= DATA TO PROCESS =
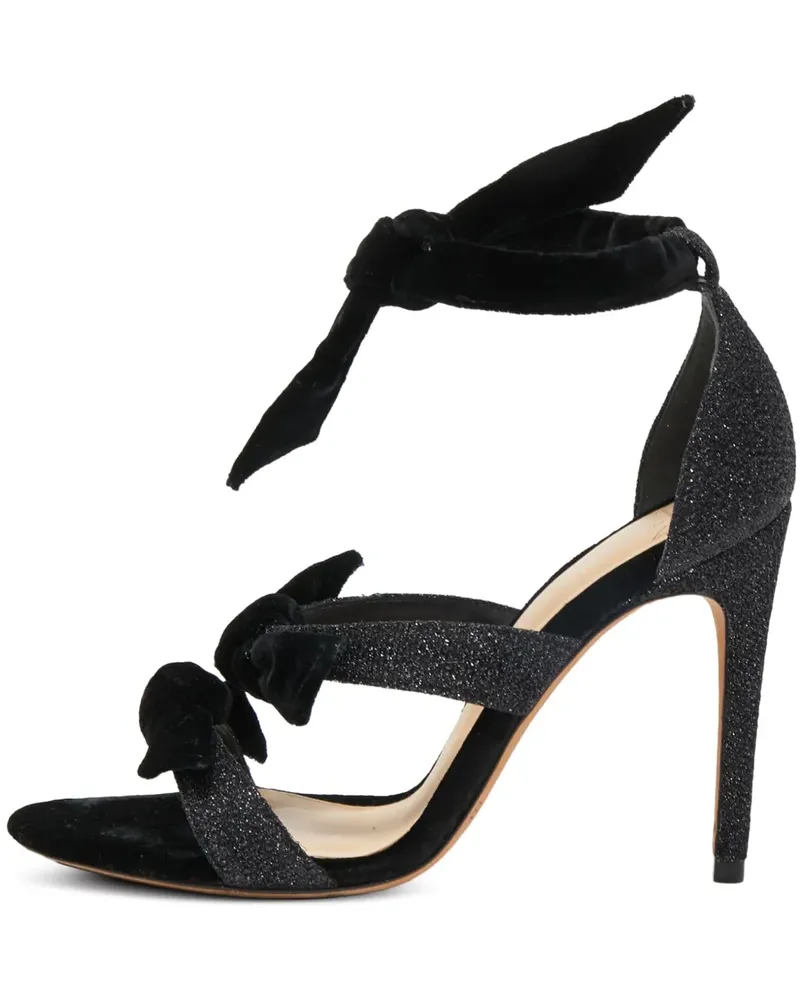 Alexandre Birman Glitter-Sandalen aus Samt mit Schleifendetail 110mm - Schwarz Schwarz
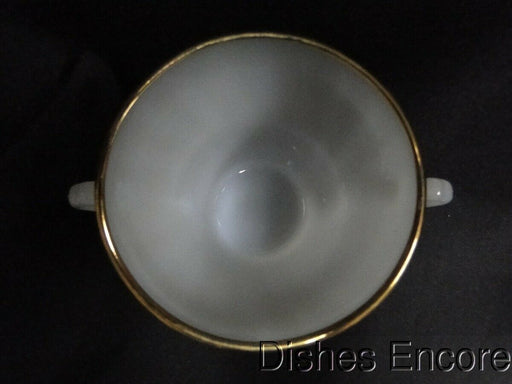 Anchor Hocking Swirl Golden Shell Milk Glass w/Gold: Sugar Bowl, No Lid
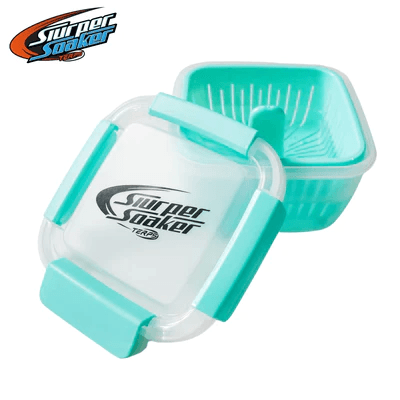 Terps Slurper Soaker in teal with removable basket, ideal for cleaning quartz bangers and dab tools. BPA-free and airtight design.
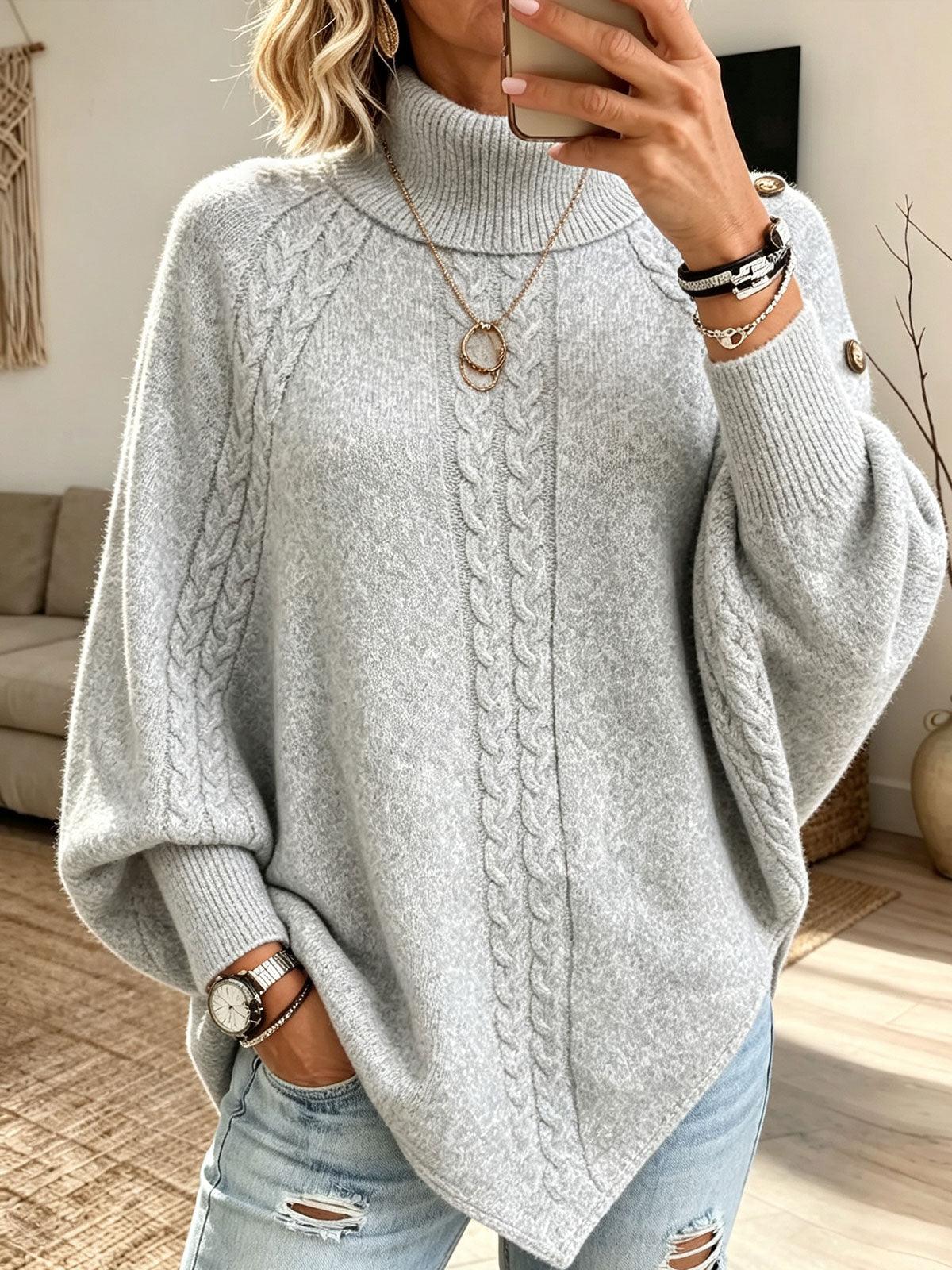 Women Raglan Sleeve Decorative Button Pullover Jumper Turtleneck Cable Knit Sweater,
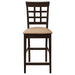 Gabriel - Lattice Back Counter Chair (Set of 2) - Cappuccino - Premium Stool Sets from CoasterEveryday - Just $239! Shop now at Furniture Wholesale Plus  We are the best furniture store in Nashville, Hendersonville, Goodlettsville, Madison, Antioch, Mount Juliet, Lebanon, Gallatin, Springfield, Murfreesboro, Franklin, Brentwood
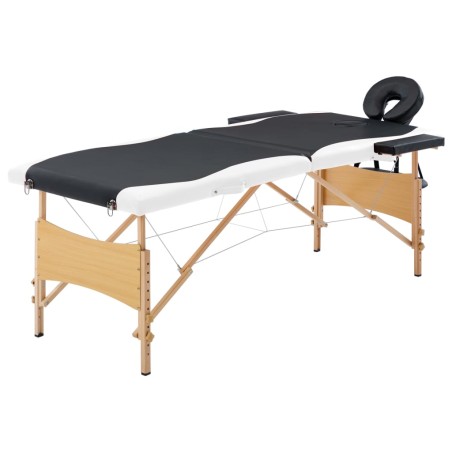  vidaXL Massageliege Klappbar 2-Zonen mit Holzgestell Schwarz und Weiß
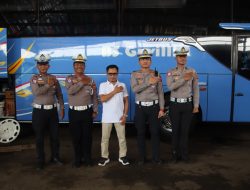 Sat Lantas Polres Majalengka Gelar Kegiatan Rampcheck di PO Bus BS Guvilli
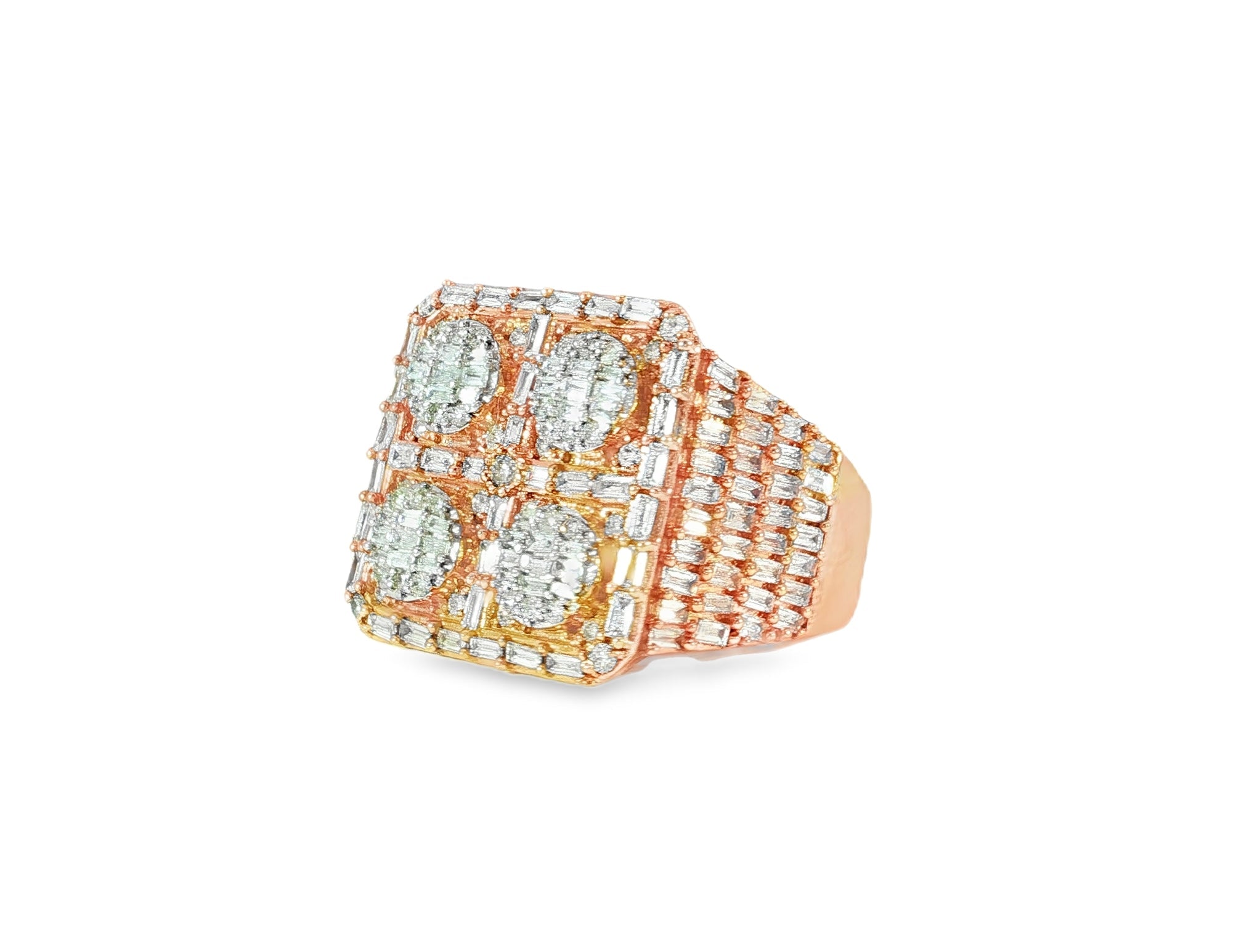 10k Two - Tone Gold Ring with Four Circle Diamond Clusters 2.50ct - AVI THE JEWELER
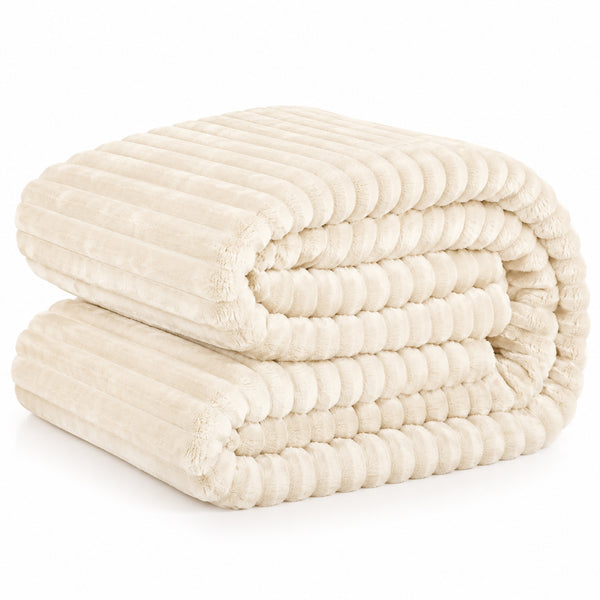 King Size Beige Ultra Soft Cozy Textured Fluffy Plush Ribbed Faux Fur Bed Blanket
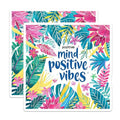 (2 Pack) Positive Mind Positive Vibes Magnets - Inspirational Quote - Floral Design - 5" On Longest Side - for Cars, Fridges, Toolboxes - Made in USA - MAG4315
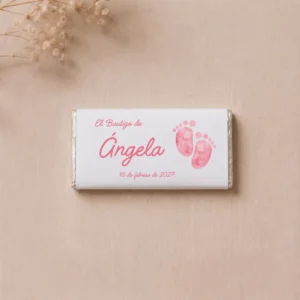 Chocolate bautizo personalizado niña huellas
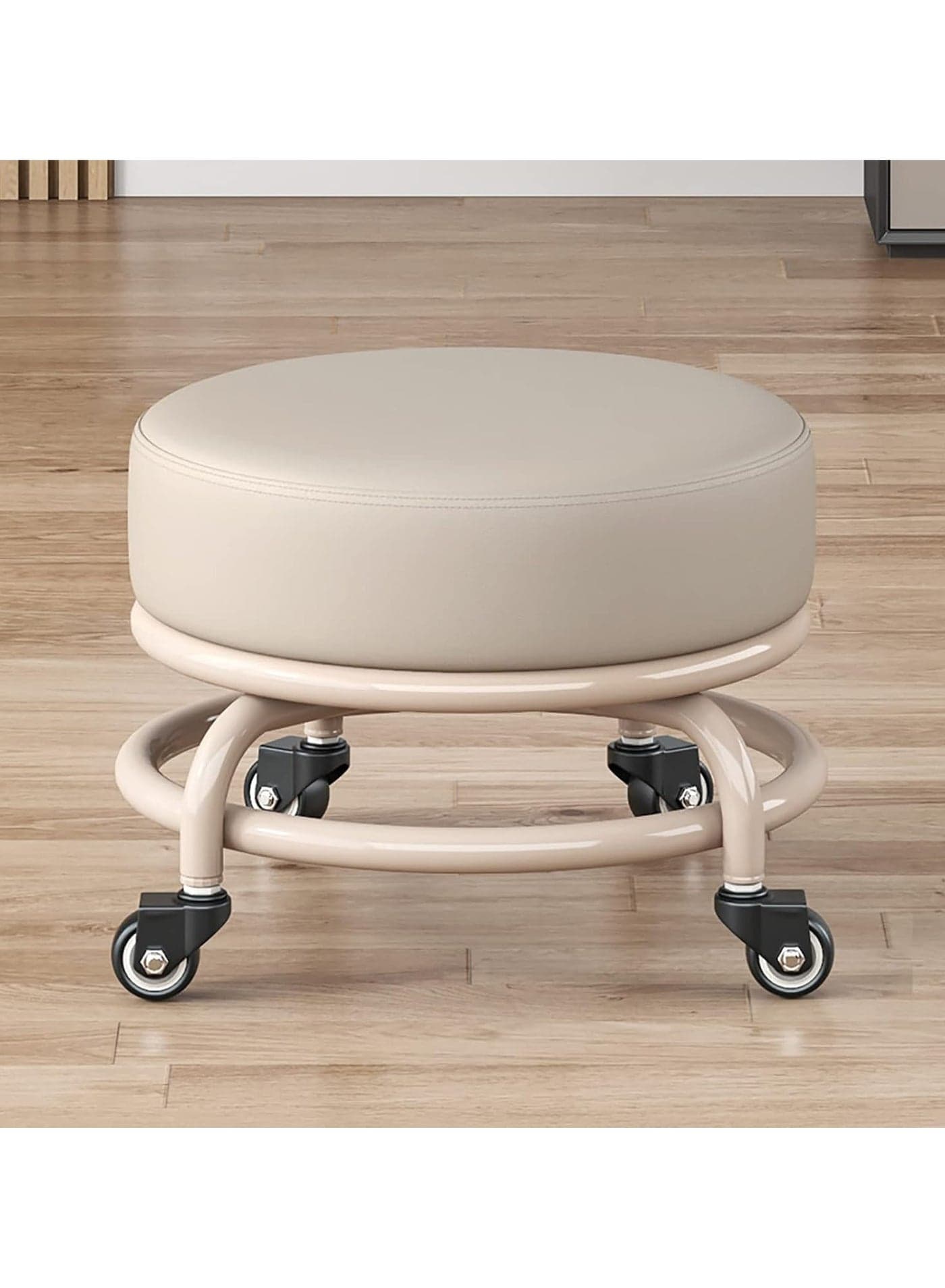 Low Roller Seat PU Leather Rolling Stool with Wheels for Manicure, Mechanic,Home Office, Garage Shop Multicolor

= WHAT THE TASK REQUIRES =
Please return the listing above exactly and leave every picture out.

= ANSWER TO THIS TASK =
 Alexandre Birman Glitter-Sandalen aus Samt mit Schleifendetail 110mm - Schwarz Schwarz
 Anchor Hocking Swirl Golden Shell Milk Glass w/Gold: Sugar Bowl, No Lid
 Terps Slurper Soaker in teal with removable basket, ideal for cleaning quartz bangers and dab tools. BPA-free and airtight design.
 Women Raglan Sleeve Decorative Button Pullover Jumper Turtleneck Cable Knit Sweater,
 Gabriel - Lattice Back Counter Chair (Set of 2) - Cappuccino - Premium Stool Sets from CoasterEveryday - Just $239! Shop now at Furniture Wholesale Plus  We are the best furniture store in Nashville, Hendersonville, Goodlettsville, Madison, Antioch, Mount Juliet, Lebanon, Gallatin, Springfield, Murfreesboro, Franklin, Brentwood
  vidaXL Massageliege Klappbar 2-Zonen mit Holzgestell Schwarz und Weiß
 Sat Lantas Polres Majalengka Gelar Kegiatan Rampcheck di PO Bus BS Guvilli
 10k Two - Tone Gold Ring with Four Circle Diamond Clusters 2.50ct - AVI THE JEWELER
 King Size Beige Ultra Soft Cozy Textured Fluffy Plush Ribbed Faux Fur Bed Blanket
 (2 Pack) Positive Mind Positive Vibes Magnets - Inspirational Quote - Floral Design - 5" On Longest Side - for Cars, Fridges, Toolboxes - Made in USA - MAG4315
 Chocolate bautizo personalizado niña huellas
 Low Roller Seat PU Leather Rolling Stool with Wheels for Manicure, Mechanic,Home Office, Garage Shop Multicolor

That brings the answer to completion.